Tsukiko Sagi is an introverted artist who becomes pressured to repeat her accomplishment after achieving commercial success with her previous character design “Maromi”. On the way home one night, she is attacked by a young boy wearing golden skates and wielding a bent baseball bat. The detectives that assigned to her case initially dismiss the story but soon afterward a second attack is reported. The suspect, called Lil´ Slugger is linked to numerous attacks across the city and out of these encounters is born a legend – of an uncatchable, mysterious boy who appears before you when you are having an emotional crisis.
Paranoia Agent´s director is Satoshi Kon (Millennium Actress, Paprika, Tokyo Godfathers, and Perfect Blue) and as his previous works this one is infinitely inventive, full of clever match cuts, surreal visuals, clever use of shadows, and perspective. The show has a great variety of methods to tell its story, from the realistic and grounded setting of the show’s early episodes to the strange and bizarre environments of the later episodes, to the show’s most outlandish, pop-culture, homage-heavy settings.

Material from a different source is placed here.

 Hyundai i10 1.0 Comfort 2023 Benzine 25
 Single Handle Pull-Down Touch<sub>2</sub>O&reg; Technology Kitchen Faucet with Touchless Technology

This show´s presentation was incredibly captivating, its various messages and themes formed a great backdrop to each of the stories, and the great cast of characters were incredibly interesting. The characters of Paranoia Agent are very compelling, and they are just as well-written within the scope of their own lives as they are within the context of the greater story. These people lives are full of details that blend to form wonderfully complicated and tragic stories.
Anyone looking for a great psychological drama should definitely check out Paranoia Agent. The adult themes and grounded setting is perfect for mature audiences looking for something provocative. If the unconventional style of storytelling or the twisted subject matter of the show sound appealing, then it’s a must watch.